§ **Provided information**

[Start of Attachment]

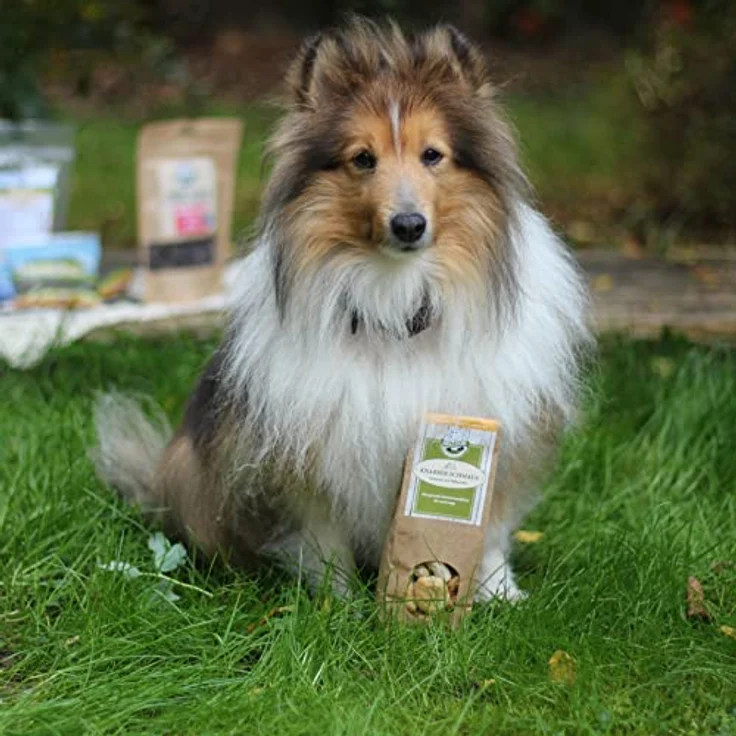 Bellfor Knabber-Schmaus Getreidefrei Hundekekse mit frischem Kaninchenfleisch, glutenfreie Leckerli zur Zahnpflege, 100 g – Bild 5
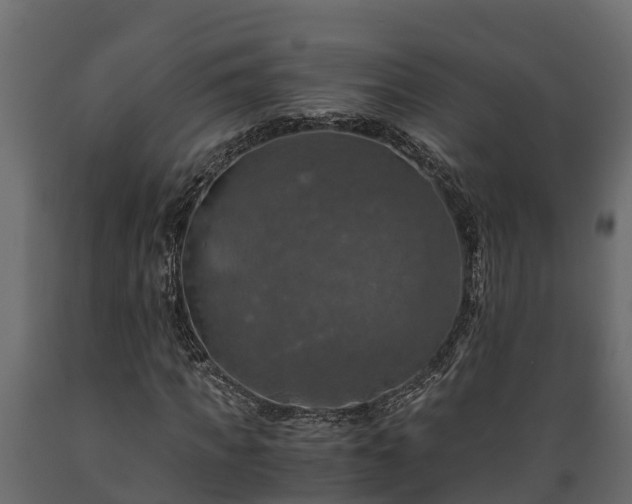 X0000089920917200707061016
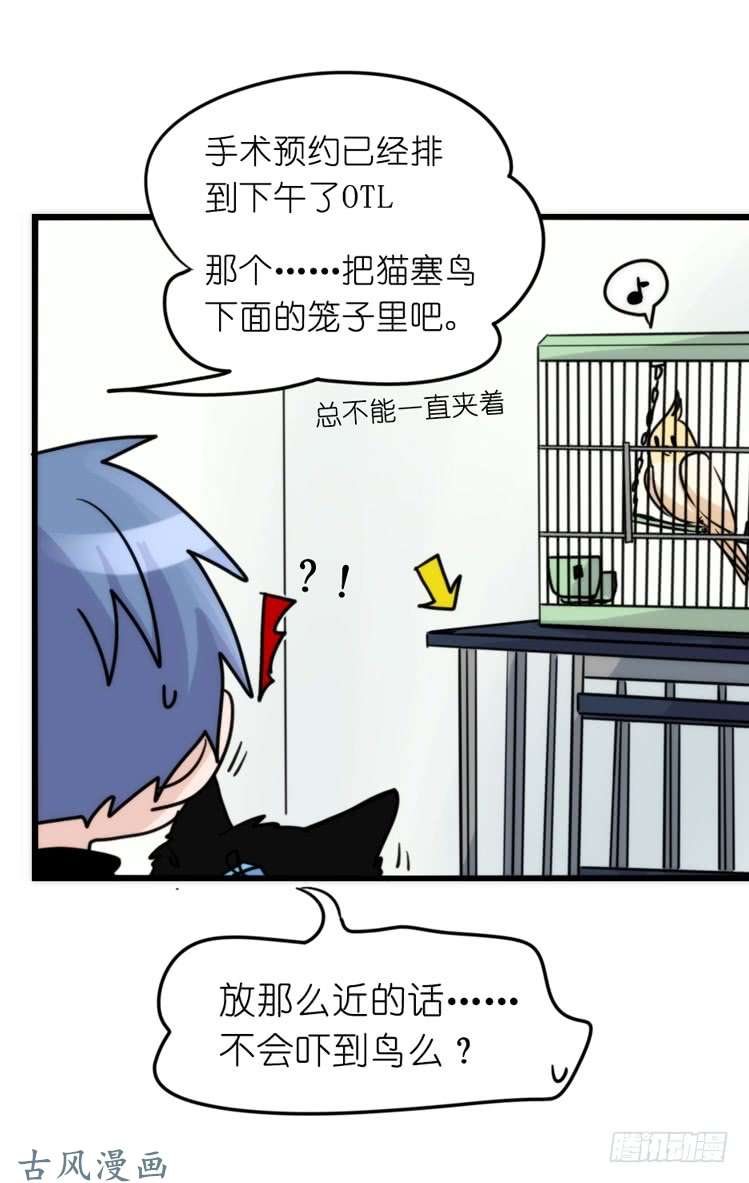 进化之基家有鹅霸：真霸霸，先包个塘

[End of Attachment]
[Start of Attachment]

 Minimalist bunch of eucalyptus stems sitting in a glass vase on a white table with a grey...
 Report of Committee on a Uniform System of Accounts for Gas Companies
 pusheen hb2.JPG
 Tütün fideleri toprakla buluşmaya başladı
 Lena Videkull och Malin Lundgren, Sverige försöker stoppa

[End of Attachment]

§ **Task requirements**
Would you retype the lines above from the one with "Minimalist bunch of" down to the one with "Lena Videkull och", word for word, both ends included and no other lines?

§ **Result of the exercise**
 Minimalist bunch of eucalyptus stems sitting in a glass vase on a white table with a grey...
 Report of Committee on a Uniform System of Accounts for Gas Companies
 pusheen hb2.JPG
 Tütün fideleri toprakla buluşmaya başladı
 Lena Videkull och Malin Lundgren, Sverige försöker stoppa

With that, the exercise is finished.